1 June 2007The Independent
It was the week the weather went crazy - not just here, but in continental Europe as well. And, inevitably, it caused fresh concern about what global warming might be doing to our climate.
While record rains buffeted Britain - leading to widespread flooding and its greatest ever peacetime rescue operation - southern Europe was fighting massive fires sparked by unprecedented heat.
Monday was Britain's wettest ever summer day - two months'-worth of rain pelted down in 12 hours, ensuring the most sodden June on record. As the Environment Agency put it, flooding went "off the scale". At least seven people died and 3,500 were rescued from swamped homes, mainly in Yorkshire and the Midlands.

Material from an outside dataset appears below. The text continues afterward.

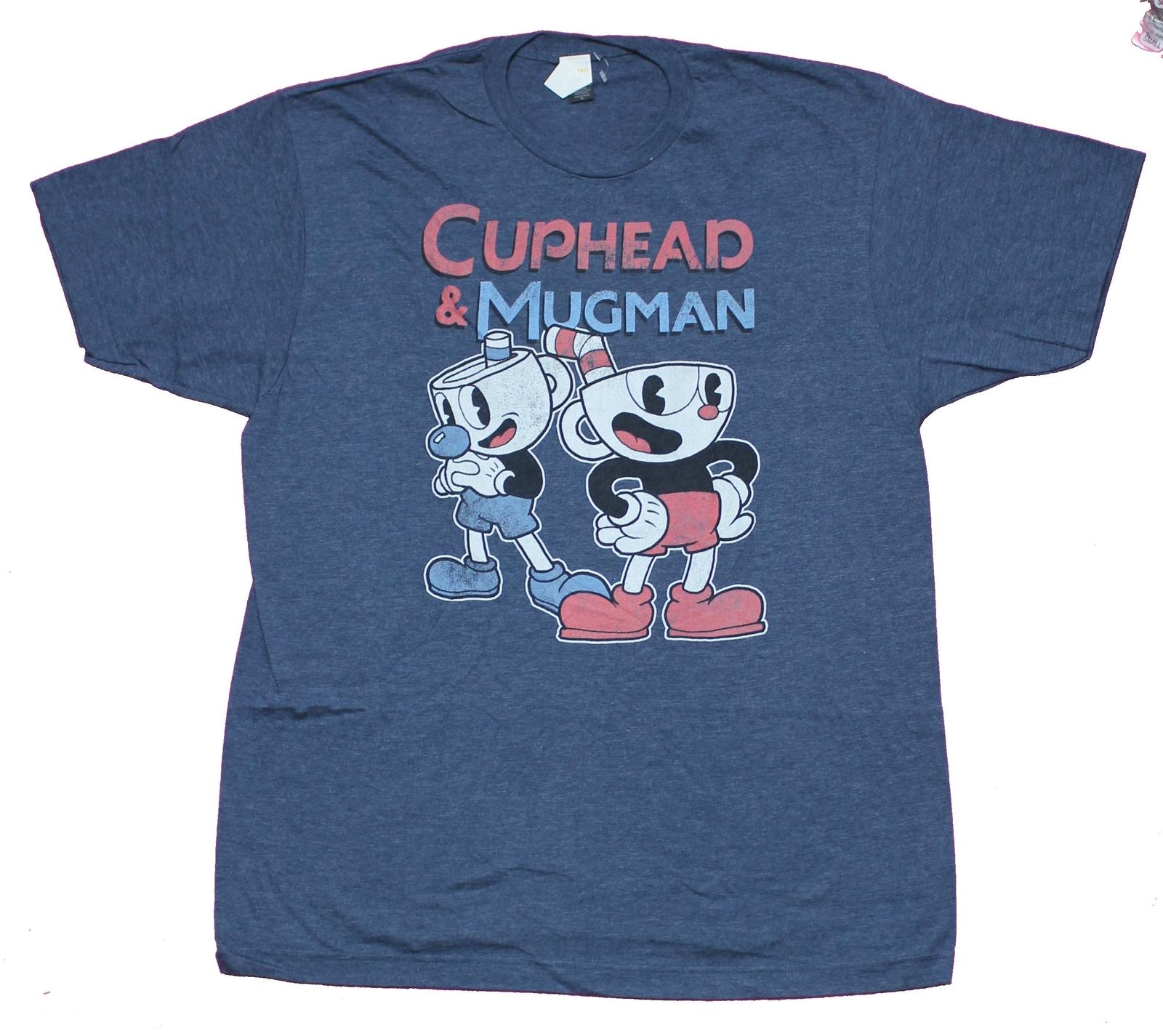 Cuphead New Adult T-Shirt - Cuphead & Mugman Distressed Duo M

Greece, by contrast, baked in its greatest heatwave, with temperatures topping 46C in Athens, and more than 120 wildfires broke out across the country. The heat was similar in mainland Italy, Sicily, Cyprus, Bulgaria and Romania, while even Paris and Berlin touched 39C. At least 49 people died.
After a brief respite at the end of the week, both crises are set to resume - with fresh downpours in Britain and more sweltering sun to the south. They are two sides of the same climatic coin. The immediate cause is a southwards shift of the jet stream - the giant, undulating current of air that flows west to east some five miles up across the northern hemisphere. This causes the high pressure that usually parks over the Azores at this time of year and brings us flaming June but is now giving the continent a blazing one.
At the same time, storms that would normally pass to the north of us have volleyed into Britain instead.
Climatologists suspect that global warming has something to do with this, but no one can be sure. What they do say is that there will be more extremes - more heatwaves and more frequent, more intense rainfall - as the world warms up. Greater heat will inject more energy into the climate system, causing storms as well as droughts.
We have made ourselves very vulnerable to such a future. We have sited half of our post-war new housing on floodplains, often in breach of official planning advice.